ProtMetrics is an open-source library to compute molecular descriptors. It can be used for building QSAR machine learning models.
Currently it supports the following descriptors:
-
Amino Acid Sequence Autocorrelation Vectors 2D (AASA 2D) as in [1].
-
Amino Acid Sequence Autocorrelation Vectors 3D (AASA 3D) as in [2].
-
A variation of the 3D Morse Molecular Descriptor [3].
-
Protein Radial Distribution Function (P-RDF) as in [4].
-
Topological Autocorrelation Vectors as in [5].
- JDK 17 or compatible.
- Apache NetBeans 12.6.
java -cp [jar file with dependencies] protmetrics.metrics.[Descriptor] -cfg [path to configuration file]

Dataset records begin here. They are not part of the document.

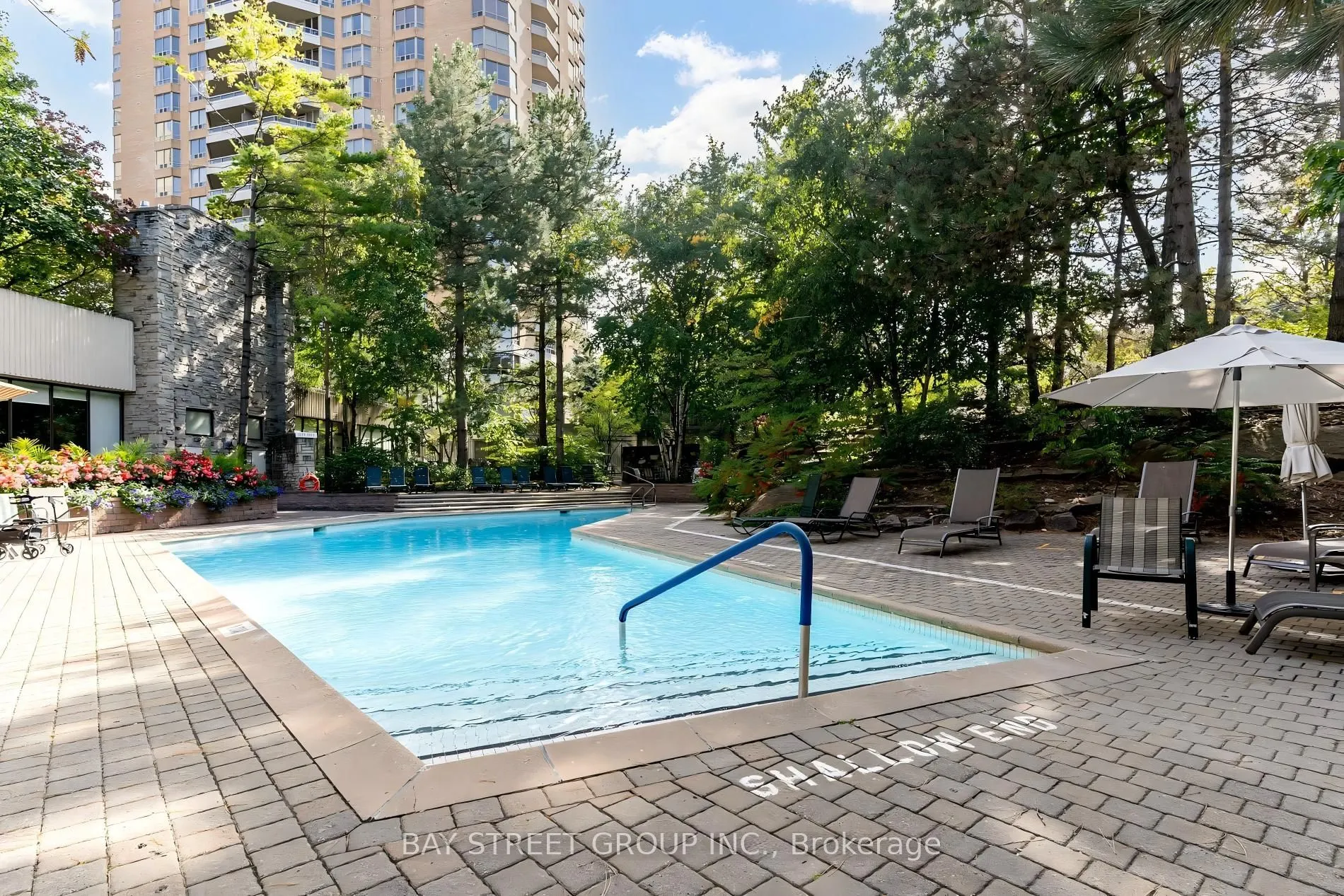85 Skymark Drive #2201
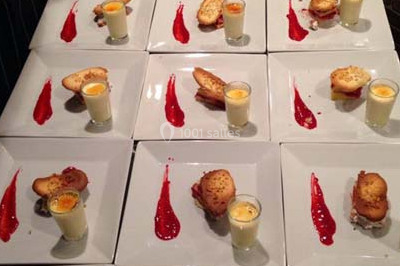 Table décorée avec des desserts et des éléments rustiques dans une salle avec éclairage tamisé et lanternes suspendues.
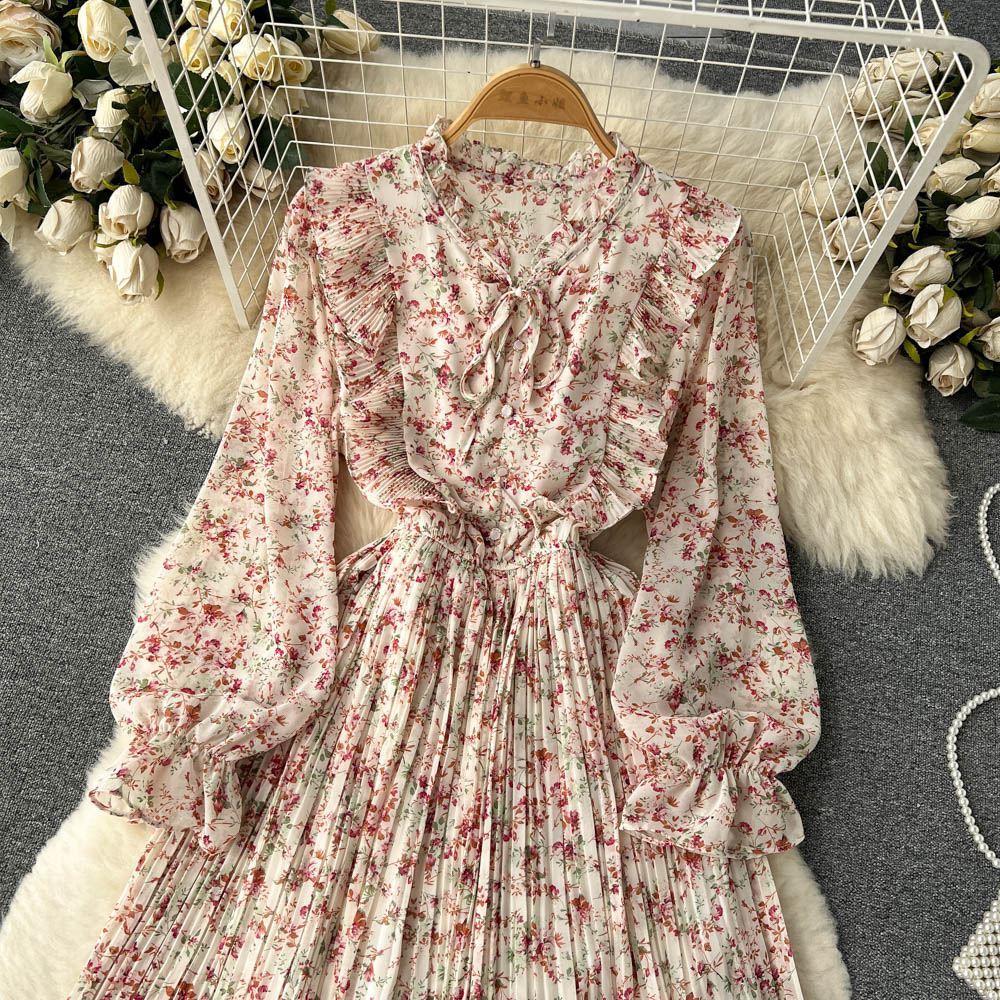 French Style Floral Pleated Dress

Example, to compute the AASA 2D run:
java -cp ProtMetricsV20-2.0-SNAPSHOT-jar-with-dependencies.jar protmetrics.metrics.Correlation2D -cfg correlation2D.cfg
The .cfg file is specific for each descriptor. See files within the "examples" folder for details.
ProMetrics is provided as free open-source software. If you have used ProMetrics in your research, authors will be grateful if you fill and submit to joseias@gmail.com the following Usage-Acknowledgment-ProtMetrics acknowledging our contribution. If citing, please refer to [1].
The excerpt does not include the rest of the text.